Le lendemain, un peu avant huit heure, Renaud quitta la vieille tour et s'en alla vers le parc. Il était trop préoccupé par l'envie d'interroger le vieux jardinier pour jouir de cette matinée lumineuse survenant heureusement après la sombre et orageuse journée précédant la nuit de la veille. Lorsque il fut devant le logis du père Adrien, il vit la porte ouverte et le vieillard occupé à balayer l'intérieur de sa cabane. Il se permit d'entrer pour lui parler, sans attendre qu’on lui en donna l’occasion :
— J’ai un renseignement à vous demander, père Adrien. Dit-il.

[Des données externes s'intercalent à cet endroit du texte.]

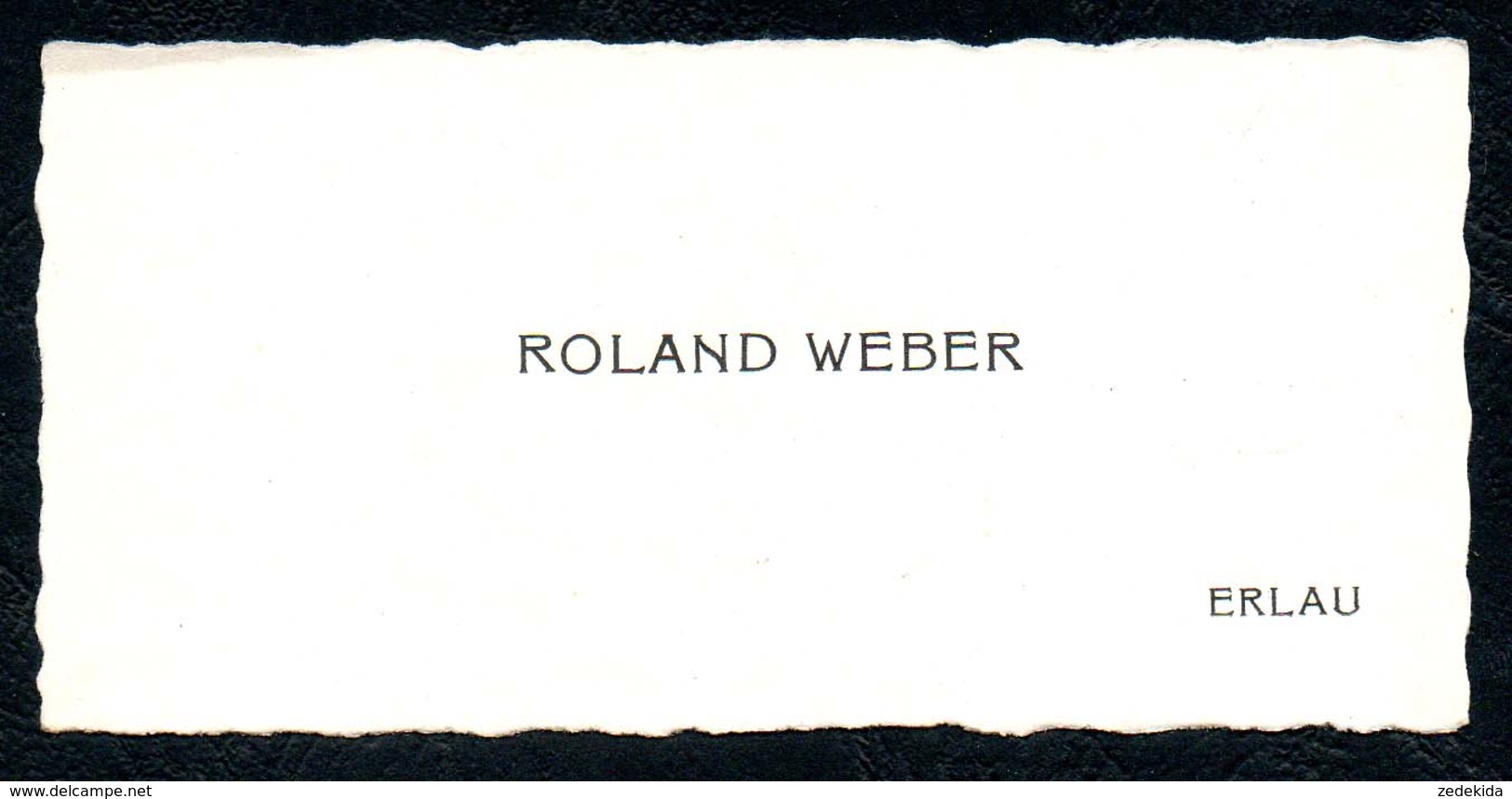 B7277 - Erlau - Roland Weber - Visitenkarte - Visitenkarten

— A vote service, marmonna le vieux jardinier en escamotant la plus part de ses mots.
Laissant-là son balai, il offrit une chaise au visiteur dans la petite pièce qui lui servait de cuisine et de salle à manger. Puis il resta debout, les mains appuyées sur le dossier d’une autre chaise.
— Vous savez qui je suis, père Adrien ?
— Le cousin de Mam’selle Isabelle, m’a dit Dominique.
— Mademoiselle Isabelle m’a appris que les nuits de pleine lune, vous aviez parfois l’habitude, de travailler à votre jardin.
— Oui. Ca m'plaît quand elle éclaire bein.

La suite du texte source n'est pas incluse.